[What the exercise asks] Transcribe the data exactly.
╭─ Data for the task
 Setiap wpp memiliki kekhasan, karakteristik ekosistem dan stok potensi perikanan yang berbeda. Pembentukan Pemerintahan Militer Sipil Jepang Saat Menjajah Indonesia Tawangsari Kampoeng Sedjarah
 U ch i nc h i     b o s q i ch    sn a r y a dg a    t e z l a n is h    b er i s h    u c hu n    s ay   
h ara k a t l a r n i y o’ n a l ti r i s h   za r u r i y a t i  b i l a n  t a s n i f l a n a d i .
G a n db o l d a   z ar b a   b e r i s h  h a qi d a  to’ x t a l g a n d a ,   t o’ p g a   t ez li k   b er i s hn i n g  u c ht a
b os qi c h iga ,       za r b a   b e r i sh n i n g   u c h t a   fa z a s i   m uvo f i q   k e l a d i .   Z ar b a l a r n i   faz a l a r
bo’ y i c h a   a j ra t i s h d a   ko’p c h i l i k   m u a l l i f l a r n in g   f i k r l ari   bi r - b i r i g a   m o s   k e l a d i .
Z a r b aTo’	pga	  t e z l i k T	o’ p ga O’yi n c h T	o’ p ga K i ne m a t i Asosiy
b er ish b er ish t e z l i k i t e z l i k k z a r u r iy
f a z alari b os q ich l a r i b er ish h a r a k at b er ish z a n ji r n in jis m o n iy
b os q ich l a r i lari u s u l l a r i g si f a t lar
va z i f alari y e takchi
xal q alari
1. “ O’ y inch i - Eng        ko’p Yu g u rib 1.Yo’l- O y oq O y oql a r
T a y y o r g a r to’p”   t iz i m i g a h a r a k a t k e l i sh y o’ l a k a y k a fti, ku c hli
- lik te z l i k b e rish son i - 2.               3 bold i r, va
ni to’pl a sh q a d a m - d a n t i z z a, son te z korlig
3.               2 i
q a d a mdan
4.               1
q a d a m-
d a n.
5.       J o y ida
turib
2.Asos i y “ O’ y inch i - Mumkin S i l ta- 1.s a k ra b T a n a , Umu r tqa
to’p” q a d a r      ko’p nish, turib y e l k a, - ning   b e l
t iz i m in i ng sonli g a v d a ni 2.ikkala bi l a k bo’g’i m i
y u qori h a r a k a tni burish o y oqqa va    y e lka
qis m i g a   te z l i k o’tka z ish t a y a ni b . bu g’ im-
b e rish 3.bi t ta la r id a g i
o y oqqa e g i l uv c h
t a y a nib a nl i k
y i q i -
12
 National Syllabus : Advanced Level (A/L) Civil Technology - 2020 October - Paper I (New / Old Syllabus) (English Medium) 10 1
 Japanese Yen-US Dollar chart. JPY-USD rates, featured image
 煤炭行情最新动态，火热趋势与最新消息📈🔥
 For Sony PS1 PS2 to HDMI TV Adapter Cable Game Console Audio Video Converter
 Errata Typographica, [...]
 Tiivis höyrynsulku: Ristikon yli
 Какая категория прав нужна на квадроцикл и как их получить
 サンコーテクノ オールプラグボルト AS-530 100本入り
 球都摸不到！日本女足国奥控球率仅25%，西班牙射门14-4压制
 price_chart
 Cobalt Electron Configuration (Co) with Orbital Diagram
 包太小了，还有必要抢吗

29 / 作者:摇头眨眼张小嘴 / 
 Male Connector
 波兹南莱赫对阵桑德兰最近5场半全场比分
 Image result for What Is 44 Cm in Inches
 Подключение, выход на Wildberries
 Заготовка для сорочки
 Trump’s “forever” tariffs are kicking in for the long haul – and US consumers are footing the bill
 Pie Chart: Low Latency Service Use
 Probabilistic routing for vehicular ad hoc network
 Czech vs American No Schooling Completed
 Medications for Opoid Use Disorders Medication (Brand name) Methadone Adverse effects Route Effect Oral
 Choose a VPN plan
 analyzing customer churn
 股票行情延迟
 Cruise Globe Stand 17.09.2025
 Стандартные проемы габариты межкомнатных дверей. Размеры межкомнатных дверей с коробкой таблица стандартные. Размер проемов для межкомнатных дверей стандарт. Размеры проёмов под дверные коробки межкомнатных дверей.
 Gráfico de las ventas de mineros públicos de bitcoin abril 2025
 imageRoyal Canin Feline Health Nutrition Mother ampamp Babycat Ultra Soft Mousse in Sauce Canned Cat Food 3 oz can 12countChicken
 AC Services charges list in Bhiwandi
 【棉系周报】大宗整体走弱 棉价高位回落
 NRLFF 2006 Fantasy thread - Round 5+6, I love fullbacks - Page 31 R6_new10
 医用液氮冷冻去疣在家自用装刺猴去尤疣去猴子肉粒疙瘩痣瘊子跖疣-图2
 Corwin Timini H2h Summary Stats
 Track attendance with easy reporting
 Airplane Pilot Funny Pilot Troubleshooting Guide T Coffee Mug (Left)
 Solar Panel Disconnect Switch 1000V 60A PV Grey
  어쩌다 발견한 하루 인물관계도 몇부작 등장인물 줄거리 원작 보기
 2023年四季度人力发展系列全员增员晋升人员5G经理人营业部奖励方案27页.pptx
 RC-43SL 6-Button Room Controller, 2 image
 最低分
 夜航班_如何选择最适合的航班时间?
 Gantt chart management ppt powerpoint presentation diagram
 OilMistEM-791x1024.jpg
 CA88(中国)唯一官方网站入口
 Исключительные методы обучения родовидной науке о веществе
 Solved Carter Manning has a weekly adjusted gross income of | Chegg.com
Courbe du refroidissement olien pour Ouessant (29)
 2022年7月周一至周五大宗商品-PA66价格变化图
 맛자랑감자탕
╰─
[Written solution]
 Setiap wpp memiliki kekhasan, karakteristik ekosistem dan stok potensi perikanan yang berbeda. Pembentukan Pemerintahan Militer Sipil Jepang Saat Menjajah Indonesia Tawangsari Kampoeng Sedjarah
 U ch i nc h i     b o s q i ch    sn a r y a dg a    t e z l a n is h    b er i s h    u c hu n    s ay   
h ara k a t l a r n i y o’ n a l ti r i s h   za r u r i y a t i  b i l a n  t a s n i f l a n a d i .
G a n db o l d a   z ar b a   b e r i s h  h a qi d a  to’ x t a l g a n d a ,   t o’ p g a   t ez li k   b er i s hn i n g  u c ht a
b os qi c h iga ,       za r b a   b e r i sh n i n g   u c h t a   fa z a s i   m uvo f i q   k e l a d i .   Z ar b a l a r n i   faz a l a r
bo’ y i c h a   a j ra t i s h d a   ko’p c h i l i k   m u a l l i f l a r n in g   f i k r l ari   bi r - b i r i g a   m o s   k e l a d i .
Z a r b aTo’	pga	  t e z l i k T	o’ p ga O’yi n c h T	o’ p ga K i ne m a t i Asosiy
b er ish b er ish t e z l i k i t e z l i k k z a r u r iy
f a z alari b os q ich l a r i b er ish h a r a k at b er ish z a n ji r n in jis m o n iy
b os q ich l a r i lari u s u l l a r i g si f a t lar
va z i f alari y e takchi
xal q alari
1. “ O’ y inch i - Eng        ko’p Yu g u rib 1.Yo’l- O y oq O y oql a r
T a y y o r g a r to’p”   t iz i m i g a h a r a k a t k e l i sh y o’ l a k a y k a fti, ku c hli
- lik te z l i k b e rish son i - 2.               3 bold i r, va
ni to’pl a sh q a d a m - d a n t i z z a, son te z korlig
3.               2 i
q a d a mdan
4.               1
q a d a m-
d a n.
5.       J o y ida
turib
2.Asos i y “ O’ y inch i - Mumkin S i l ta- 1.s a k ra b T a n a , Umu r tqa
to’p” q a d a r      ko’p nish, turib y e l k a, - ning   b e l
t iz i m in i ng sonli g a v d a ni 2.ikkala bi l a k bo’g’i m i
y u qori h a r a k a tni burish o y oqqa va    y e lka
qis m i g a   te z l i k o’tka z ish t a y a ni b . bu g’ im-
b e rish 3.bi t ta la r id a g i
o y oqqa e g i l uv c h
t a y a nib a nl i k
y i q i -
12
 National Syllabus : Advanced Level (A/L) Civil Technology - 2020 October - Paper I (New / Old Syllabus) (English Medium) 10 1
 Japanese Yen-US Dollar chart. JPY-USD rates, featured image
 煤炭行情最新动态，火热趋势与最新消息📈🔥
 For Sony PS1 PS2 to HDMI TV Adapter Cable Game Console Audio Video Converter
 Errata Typographica, [...]
 Tiivis höyrynsulku: Ristikon yli
 Какая категория прав нужна на квадроцикл и как их получить
 サンコーテクノ オールプラグボルト AS-530 100本入り
 球都摸不到！日本女足国奥控球率仅25%，西班牙射门14-4压制
 price_chart
 Cobalt Electron Configuration (Co) with Orbital Diagram
 包太小了，还有必要抢吗

29 / 作者:摇头眨眼张小嘴 / 
 Male Connector
 波兹南莱赫对阵桑德兰最近5场半全场比分
 Image result for What Is 44 Cm in Inches
 Подключение, выход на Wildberries
 Заготовка для сорочки
 Trump’s “forever” tariffs are kicking in for the long haul – and US consumers are footing the bill
 Pie Chart: Low Latency Service Use
 Probabilistic routing for vehicular ad hoc network
 Czech vs American No Schooling Completed
 Medications for Opoid Use Disorders Medication (Brand name) Methadone Adverse effects Route Effect Oral
 Choose a VPN plan
 analyzing customer churn
 股票行情延迟
 Cruise Globe Stand 17.09.2025
 Стандартные проемы габариты межкомнатных дверей. Размеры межкомнатных дверей с коробкой таблица стандартные. Размер проемов для межкомнатных дверей стандарт. Размеры проёмов под дверные коробки межкомнатных дверей.
 Gráfico de las ventas de mineros públicos de bitcoin abril 2025
 imageRoyal Canin Feline Health Nutrition Mother ampamp Babycat Ultra Soft Mousse in Sauce Canned Cat Food 3 oz can 12countChicken
 AC Services charges list in Bhiwandi
 【棉系周报】大宗整体走弱 棉价高位回落
 NRLFF 2006 Fantasy thread - Round 5+6, I love fullbacks - Page 31 R6_new10
 医用液氮冷冻去疣在家自用装刺猴去尤疣去猴子肉粒疙瘩痣瘊子跖疣-图2
 Corwin Timini H2h Summary Stats
 Track attendance with easy reporting
 Airplane Pilot Funny Pilot Troubleshooting Guide T Coffee Mug (Left)
 Solar Panel Disconnect Switch 1000V 60A PV Grey
  어쩌다 발견한 하루 인물관계도 몇부작 등장인물 줄거리 원작 보기
 2023年四季度人力发展系列全员增员晋升人员5G经理人营业部奖励方案27页.pptx
 RC-43SL 6-Button Room Controller, 2 image
 最低分
 夜航班_如何选择最适合的航班时间?
 Gantt chart management ppt powerpoint presentation diagram
 OilMistEM-791x1024.jpg
 CA88(中国)唯一官方网站入口
 Исключительные методы обучения родовидной науке о веществе
 Solved Carter Manning has a weekly adjusted gross income of | Chegg.com
Courbe du refroidissement olien pour Ouessant (29)
 2022年7月周一至周五大宗商品-PA66价格变化图
 맛자랑감자탕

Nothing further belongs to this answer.